El sentido menos común

El sentido menos común

 

Cuando viví en Italia trabajé un tiempo como guía turística en Roma.  Imaginen la estación central de una de las ciudades más concurridas  desde Nerón y más atrás.  Buses, taxis, palomas gordas buscando comida, puestos de venta de libros viejos, excursiones de bachilleres, pitos, rusas divinas jalando maletas en tacón puntilla, olor a kebab.

Trabajaba en el 110 Open, un bus rojo de dos pisos, abierto arriba, que daba la vuelta por el centro histórico.
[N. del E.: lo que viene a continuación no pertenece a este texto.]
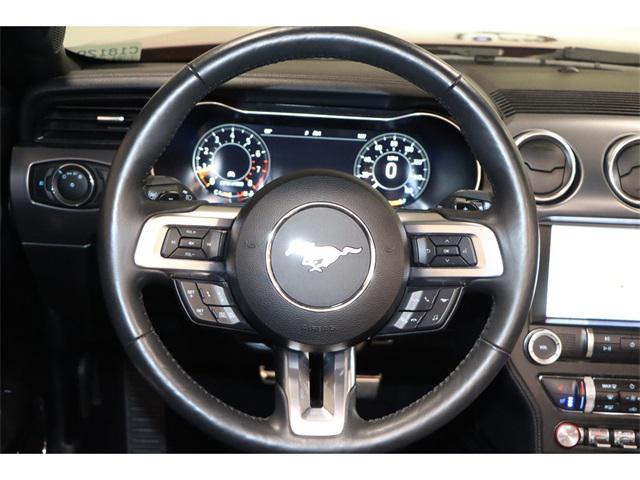 used 2021 Ford Mustang car, priced at $20,199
Los turistas se podían bajar y subir en cada monumento durante todo el día y nosotras, porque éramos sólo mujeres, debíamos ir explicando por micrófono los diferentes sitios de interés y anunciando las paradas.

A medida que se acercaba la primavera nuestro estado de ánimo iba mutando  a la par con el paisaje. Dejábamos atrás la calma de un invierno  con pocos turistas,  árboles pelados y  tiempo para un capuchino entre recorridos.  Después de mayo, con el verdor de las hojas nuevas germinaban también manadas de turistas. En junio era ya como si nos echaran a cocinar en una olla a presión: 40 grados,  los zapatos se nos pegaban al andén que se derretía, corríamos despeinadas vendiendo tiquetes y explicando monumentos. Echábamos humo, del estrés, del calor, de la rabia o de la risa con las situaciones que se presentaban todos los días.

El 110 Open era sólo una atracción turística, pero ya en julio parecía la entrada al arca de Noé antes del diluvio: las filas eran ahora  montoneras de gente que se daba codazos y puños  y se insultaba en varios idiomas. Cada vez que el conductor abría la puerta en las paradas, una explosión de piernas, brazos, cachuchas y sudor nos empujaba hacia adentro. Cuando nos era  imposible controlar la turbamulta, llamábamos a la policía.

Y es que TODOS los turistas querían subirse al piso de arriba, TODOS… Pero si llovía, si el cielo osaba refrescar el ambiente, estas deidades en chanclas bajaban dando tumbos del afán y con cara de nunca haber visto una gota de lluvia en su vida:

– ¡Quiero mi plata ya, devuélvame la plata de mi tiquete!

-¿Pero por qué, señor?

-Está lloviendo,  ¡Me estoy mojando!

Yo sonreía y me quedaba mirándolos. Quería de verdad entender  el laberinto de esas cabezas sudadas, vislumbrar una luz al final de túnel, si es que había, quería sacudirlos, quería gritarles,  quería explicarles con plastilina:

– EL bus se llama 110 OPEN ¿cierto? OPEN  A-B-I-E-R-T-O, ¡ABIERTO!… Con la capacidad de discernimiento que madre naturaleza buenamente te regaló ¿no se te pasó por la mente que si llegaba a llover te podías mojar??

Pero en cambio, perdiendo toda esperanza en la especie humana cuando sale de vacaciones, yo simplemente seguía pelando la muela:

-Yes, Sir… Por supuesto, inmediatamente le devuelvo su dinero…

Un día terminando mi turno, subí al segundo piso para darme un brake. Miré hacia abajo pensando en los huevos del gallo.  En el prado contiguo al Coliseo había una pareja de japoneses de unos 60 años. Estaban sentados en el pasto, sin zapatos. Comiéndose un helado.

Y pensé: eso quiero. Eso es lo que quiero para mí y hoy más que nunca, eso quisiera para mi hija. Ojalá el hada madrina le regale sentido común, ese tan raro. Que sea como los dos japoneses. Que en vacaciones le parezca más lógico comerse un helado sin afanes antes que seguir haciendo filas y cumpliendo horarios. Que le huya a las turbamultas. Que  le parezca  más natural quitarse los zapatos para saber qué se siente pisar el pasto de una ciudad muy vieja.

Pero sobre todo: Que si se sube en un turibus ABIERTO deduzca que por su carácter ABIERTO y de acuerdo con  la ley de la física y la ley de Murphy,  existen altas posibilidades de que llueva y se moje. Que no reclame, que tenga un espíritu gozón y disfrute la lluvia como parte del paseo.